AgRP neurons regulate many physiological processes and behaviors such as feeding, anxiety, and responses to pain (Alhadeff et al., 2018; Betley et al., 2013; Dietrich et al., 2015). These diverse functions are thought to be carried out by the specific subpopulations of AgRP neurons, each with distinct synaptic inputs and outputs. On the other hand, the cellular and functional heterogeneity of these neurons has just begun to be appreciated. AgRP neurons are innervated by 5-HT neurons and hyperpolarized by 5-HT (Heisler et al., 2006); however, these hyperpolarizing effects are attenuated by pretreatment with a Htr1b antagonist. Our histological analyses revealed that ∼15% of the AgRP neurons express Htr1b mRNAs. We suspect that these neurons constitute a subgroup of AgRP neurons that receive 5-HT input and mediate its effects. Interestingly, snRNA-seq analyses demonstrated that the expression of Htr1b and the leptin receptors were enriched in two separate subpopulations of AgRP neurons with distinct transcriptomic profiles. Moreover, the sequencing data from ours and others (Campbell et al., 2017) showed that few AgRP neurons co-expressed both transcripts. Notably, it has been reported that 5-HT and leptin act on distinct subpopulations of POMC neurons to regulate energy and glucose metabolism (Sohn et al., 2011). Collectively, these findings raise the possibility that a similar configuration is also adopted by AgRP neurons.

Our intersectional targeting approach enabled us to specifically label the subset of AgRP neurons expressing Htr1b. We found that the cell bodies of these neurons were uniquely positioned at the mediobasal part of the ARH. Moreover, unilateral stimulation of the subset of AgRP neurons was sufficient to induce feeding in satiated mice. Interestingly, among the four AgRP neuron targets involved in feeding regulation, the axons of Htr1b^AgRP neurons were selectively enriched in the PVH. This suggests that these neurons regulate food intake, in part, through a Htr1b^AgRP→PVH circuit. In support of this notion, we found that stimulating the Htr1b^AgRP neuron axons at the PVH produced a similar increase in food intake compared to that by cell body stimulations. On the other hand, the source of 5-HT inputs to Htr1b^AgRP neurons remained to be determined. Therefore, future studies are warranted to determine the subset of the 5-HT neurons that innervate Htr1b^ARH neurons and regulate their function.

Our findings suggest several commonly used, low-cost, antimigraine drugs may also help with weight loss.

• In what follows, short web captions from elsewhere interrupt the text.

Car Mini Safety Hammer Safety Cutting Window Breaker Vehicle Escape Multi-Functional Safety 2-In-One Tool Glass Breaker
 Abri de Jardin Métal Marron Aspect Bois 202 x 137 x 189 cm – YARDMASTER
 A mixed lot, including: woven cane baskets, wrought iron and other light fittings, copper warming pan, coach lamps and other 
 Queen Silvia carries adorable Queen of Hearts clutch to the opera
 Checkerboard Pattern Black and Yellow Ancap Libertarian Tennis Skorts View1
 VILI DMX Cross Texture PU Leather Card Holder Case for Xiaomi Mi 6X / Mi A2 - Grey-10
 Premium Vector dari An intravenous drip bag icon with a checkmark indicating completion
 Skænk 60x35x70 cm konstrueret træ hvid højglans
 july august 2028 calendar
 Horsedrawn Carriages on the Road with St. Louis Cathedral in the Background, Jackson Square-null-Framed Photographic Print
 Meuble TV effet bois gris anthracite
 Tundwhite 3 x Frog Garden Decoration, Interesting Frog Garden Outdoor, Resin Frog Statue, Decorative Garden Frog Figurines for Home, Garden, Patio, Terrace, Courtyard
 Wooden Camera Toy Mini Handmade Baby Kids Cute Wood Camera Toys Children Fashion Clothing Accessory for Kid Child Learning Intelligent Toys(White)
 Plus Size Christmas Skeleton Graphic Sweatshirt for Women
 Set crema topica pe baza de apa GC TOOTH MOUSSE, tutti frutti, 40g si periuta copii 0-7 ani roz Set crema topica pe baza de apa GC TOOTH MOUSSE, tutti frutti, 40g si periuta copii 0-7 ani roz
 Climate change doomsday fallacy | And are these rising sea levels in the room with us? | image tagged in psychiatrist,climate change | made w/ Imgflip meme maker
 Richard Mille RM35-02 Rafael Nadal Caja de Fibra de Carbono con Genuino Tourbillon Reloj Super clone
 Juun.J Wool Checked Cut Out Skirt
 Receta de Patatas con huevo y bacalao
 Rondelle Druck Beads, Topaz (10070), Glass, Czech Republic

Indeed, we showed that chronic treatment with frovatriptan reduced food intake and body weight in diet-induced obese mice. Similarly, a loss of appetite has been noted in patients and healthy volunteers taking triptans (Boeles et al., 1997). However, since these drugs are mostly used for treating acute migraine attacks, we suspect that their chronic effects on food intake and body weight might have been under-recognized. We have demonstrated that the anorectic effect of frovatriptan depended on Htr1b. Notably, like other 5-HT–based medications, a common concern for the chronic use of triptans is that it may lead to increased risks for adverse cardiovascular events. In particular, the first generation of triptans, such as sumatriptan, can cause vasoconstriction and acutely increase blood pressure (Vanmolkot and de Hoon, 2006). In contrast, new generation triptans like frovatriptan had no effect on blood pressure or heart rate (Parsons et al., 1998; Saracheva et al., 2020). Furthermore, multiple clinical studies evaluating the cardiac safety of these drugs have shown they were relatively safe after frequent and long-term use even in patients with arterial hypertension or coronary artery disease (Elkind et al., 2004; Robbins, 2004; Tullo et al., 2013). Finally, triptans demonstrate only partial agonistic properties for Htr1b. Thus, it is possible that compounds with higher specificity (e.g., CP94253) may produce a stronger anorectic effect. Moreover, CP94253 reduces food intake in rats without perturbing their characteristic behavioral sequences that reflect the onset of satiety (Lee and Simansky, 1997). Therefore, future work is warranted to comprehensively evaluate the effects of additional Htr1b-specific agonists on appetite, body weight, and safety. In summary, by illustrating a neural pathway for appetite suppression, our findings suggest that Htr1b is a new target for 5-HT–based weight-loss therapies.

All mice were housed in a temperature-controlled room with a 12-h light/12-h dark cycle (lights on at 6 a.m., lights off at 6 p.m.) in the animal facility of UT Southwestern (UTSW) Medical Center. Mice were provided standard chow (No. 2016; Harlan Teklad) as well as water ad libitum unless otherwise noted. For the HFD experiment, mice were fed #D12492 (20% kcal protein, 20% kcal carbohydrate, and 60% kcal fat, Research Diets).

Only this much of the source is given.